Petri Dice: How to Get Those Swirling Ink Tendrils Every Time
Step-by-step petri dice technique with exact ink drops, white pigment ratios, and pressure settings. Fix muddy colors, sinking ink, and missing blooms.
Contents
Everyone tells you petri dice are an “intermediate” technique. That you need to master basic pours first. That you should work your way up to them slowly.
They’re wrong about the timeline — but right about everything else.
Petri dice are one of the most visually striking dice making techniques you can learn, and the actual pour takes less than five minutes. The problem is that those five minutes involve chemistry you can’t fully control, ink behavior that changes with room temperature, and a white pigment drop that either makes the entire pour or turns it into an expensive marble. I’ve ruined more petri sets than I’ve nailed, and I still pour them every week because when the bloom hits right, nothing else in resin dice comes close.

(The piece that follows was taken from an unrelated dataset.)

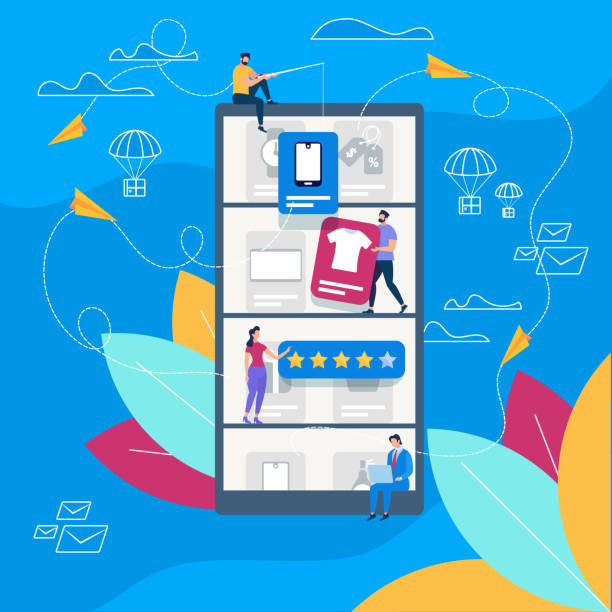 Мобильная адаптация интернет магазина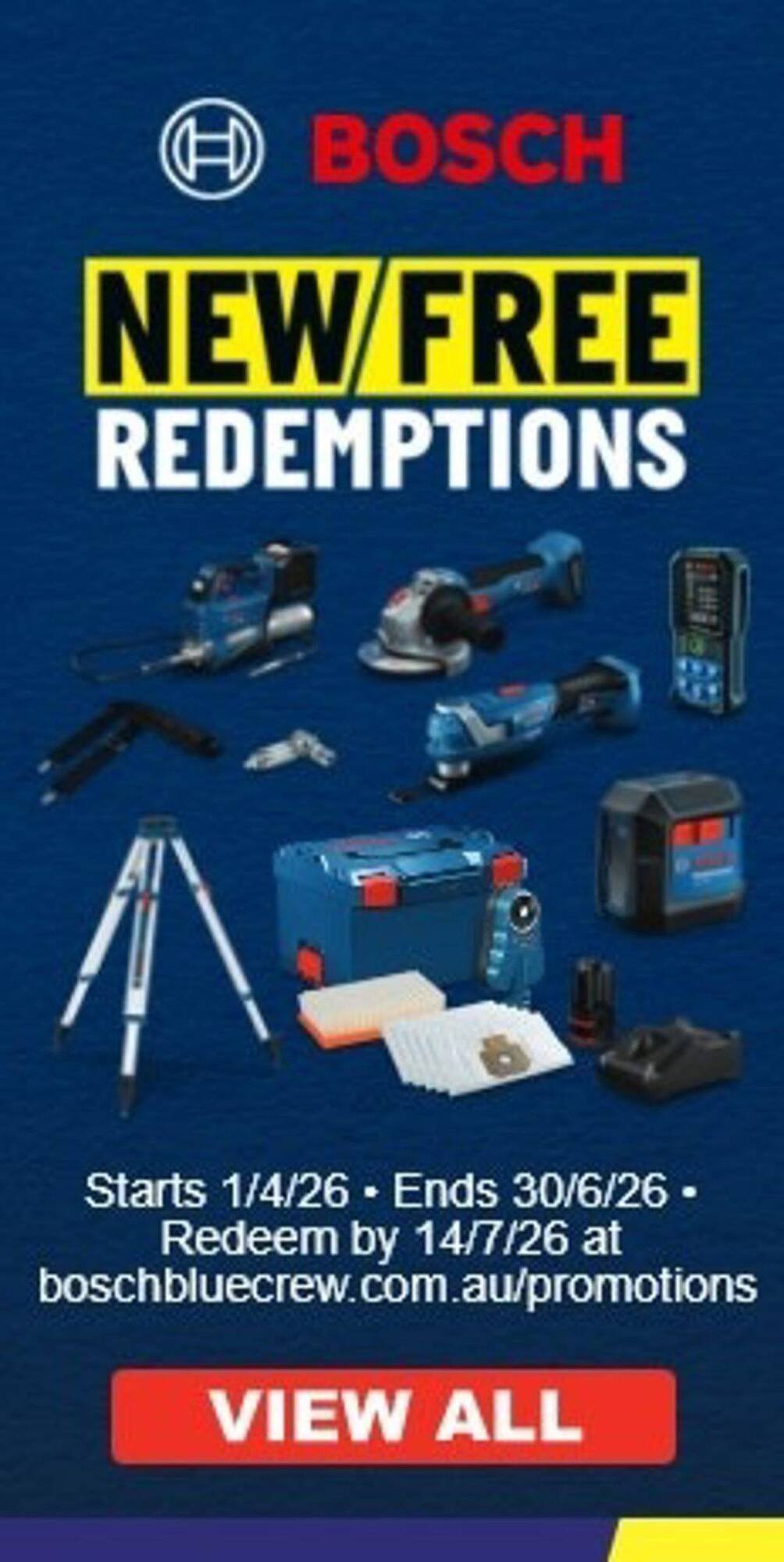 Total Tools catalogue (2026-04-27 - 2026-05-27) | 5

Here’s the full technique — materials, exact steps, the failures you’ll encounter, and the fixes that actually work.
What Makes Petri Dice Unique
The name comes from the visual similarity to bacterial cultures growing in a petri dish. Those organic, branching tendrils of color suspended in clear resin? That’s not paint, and it’s not some layering trick. It’s a density reaction between alcohol ink, white pigment, and uncured epoxy resin.
Alcohol ink is lighter than resin. When you drop it onto the surface, it doesn’t just sit there — it sinks slowly, spreading into thread-like tendrils as it descends through the medium. The white pigment is the catalyst for the drama. It creates a visible “bloom” — a cloudy, cell-like structure that pushes the colored ink outward into those distinctive organic shapes.
Without the white pigment, you just get colored streaks. Pretty, maybe, but not petri. The bloom is the whole trick.
What makes this technique addictive — and honestly a little maddening — is that no two pours are identical. You can use the same inks, the same resin, the same mold, and get completely different patterns. The resin’s temperature, the drop placement, even the humidity in your workshop all influence the final result. I once poured two identical sets side by side, same everything, and one came out with gorgeous deep-sea tendrils while the other looked like someone sneezed into a cup of milk.
That unpredictability is the point. Each set is genuinely one of a kind.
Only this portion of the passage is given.